This is unreleased documentation for Rasa Documentation Main/Unreleased version.
For the latest released documentation, see the latest version (3.x).

Version: Main/Unreleased


Token Objects

class Token()

Used by Tokenizers which split a single message into multiple Tokens.


def __init__(text: Text,
start: int,
end: Optional[int] = None,
data: Optional[Dict[Text, Any]] = None,
lemma: Optional[Text] = None) -> None

Create a Token.


  • text - The token text.
  • start - The start index of the token within the entire message.
  • end - The end index of the token within the entire message.
  • data - Additional token data.
  • lemma - An optional lemmatized version of the token text.
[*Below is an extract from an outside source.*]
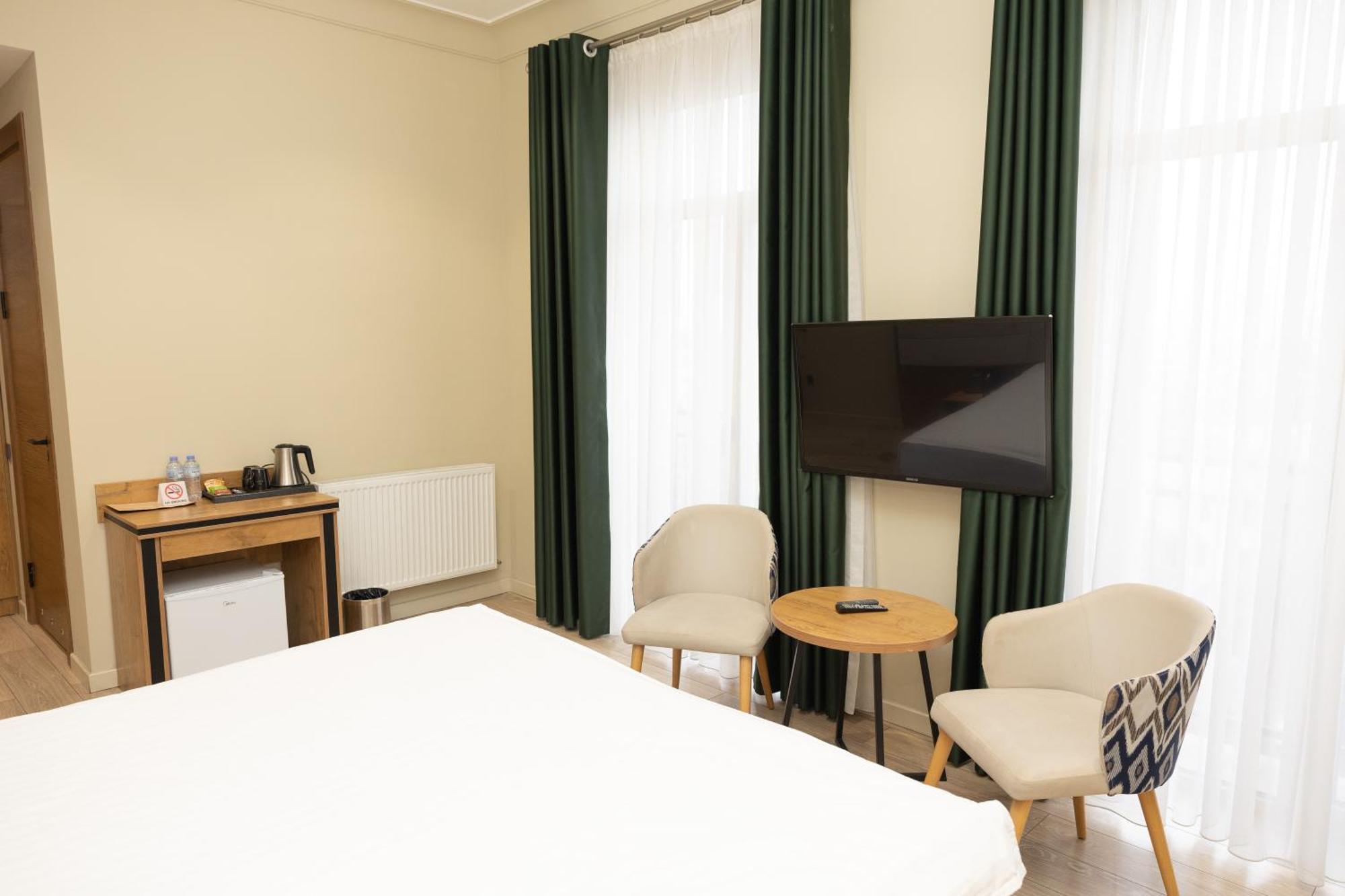 Hotel Marwa Tashkent Pool&Spa Buitenkant foto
def set(prop: Text, info: Any) -> None

Set property value.


def get(prop: Text, default: Optional[Any] = None) -> Any

Returns token value.


def fingerprint() -> Text

Returns a stable hash for this Token.

Tokenizer Objects

class Tokenizer(GraphComponent, abc.ABC)

Base class for tokenizers.


def __init__(config: Dict[Text, Any]) -> None

Construct a new tokenizer.


def create(cls, config: Dict[Text, Any], model_storage: ModelStorage,
resource: Resource,
execution_context: ExecutionContext) -> GraphComponent

Creates a new component (see parent class for full docstring).


def tokenize(message: Message, attribute: Text) -> List[Token]

Tokenizes the text of the provided attribute of the incoming message.


def process_training_data(training_data: TrainingData) -> TrainingData

Tokenize all training data.


def process(messages: List[Message]) -> List[Message]

Tokenize the incoming messages.